Die Furcht vor Verfolgung ist „begründet“, wenn dem Ausländer die genannten Gefahren aufgrund der in seinem Herkunftsland gegebenen Umstände in Anbetracht seiner individuellen Lage tatsächlich, d.h. mit beachtlicher Wahrscheinlichkeit drohen (BVerwG U. v. 20.2.2013 – 10 C 23.12, NVwZ 2013, 936).
Nach § 3c AsylG kann die Verfolgung ausgehen von (1.) dem Staat, (2.) Parteien oder Organisationen, die den Staat oder einen wesentlichen Teil des Staatsgebiets beherrschen, oder (3.) von nicht staatlichen Akteuren, sofern die in den Nrn. 1 und 2 genannten Akteure einschließlich internationaler Organisationen erwiesenermaßen nicht in der Lage oder nicht willens sind, Schutz vor Verfolgung zu bieten, und dies unabhängig davon, ob in dem Land eine staatliche Herrschaftsmacht vorhanden ist oder nicht.
Dem Kläger droht eine flüchtlingsrechtlich erhebliche Verfolgung von Seiten des Staates.

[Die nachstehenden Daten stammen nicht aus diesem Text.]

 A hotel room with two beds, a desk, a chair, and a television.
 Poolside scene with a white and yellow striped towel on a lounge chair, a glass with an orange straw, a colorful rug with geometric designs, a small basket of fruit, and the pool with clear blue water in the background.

Homosexueller Geschlechtsverkehr, dessen Versuch sowie als „unsittliche Praktiken“ erfasstes homosexuelles Verhalten stehen nach Section 145 ff. des Penal Code Act unter Strafe.
Allerdings stellt der bloße Umstand, dass homosexuelle Handlungen unter Strafe gestellt sind, als solcher nach der Rechtsprechung des EuGH noch keine Verfolgungshandlung dar. Dagegen ist eine Freiheitsstrafe, mit der homosexuelle Handlungen bedroht sind und die im Herkunftsland, das eine solche Regelung erlassen hat, tatsächlich verhängt wird, als unverhältnismäßige oder bestrafende Bestrafung zu betrachten und stellt somit eine Verfolgungshandlung dar (vgl. EuGH, Urteil vom 7.11.2013, a.a.O., Rn. 61).Unter Berücksichtigung dieser Grundsätze ist es für eine Verfolgung also nicht hinreichend, dass Uganda – wie zahlreiche Staaten – insbesondere homosexuellen Geschlechtsverkehr unter Strafe stellt.
Allerdings ergibt sich aus den Erkenntnismitteln, dass Section 145 ff. des Penal Code Act in Einzelfällen durchaus zur Verhängung einer Freiheitsstrafe führt.
Das Auswärtige Amt hat zwar mit Auskunft vom 3. April 2014 an das Verwaltungsgericht Karlsruhe und mit Auskunft vom 16. Juli 2014 an das Verwaltungsgericht München mitgeteilt, eine strafgerichtliche Verurteilung wegen homosexueller Betätigung sei in Uganda bisher nicht erfolgt. Diese Auskünfte erscheinen indes überholt.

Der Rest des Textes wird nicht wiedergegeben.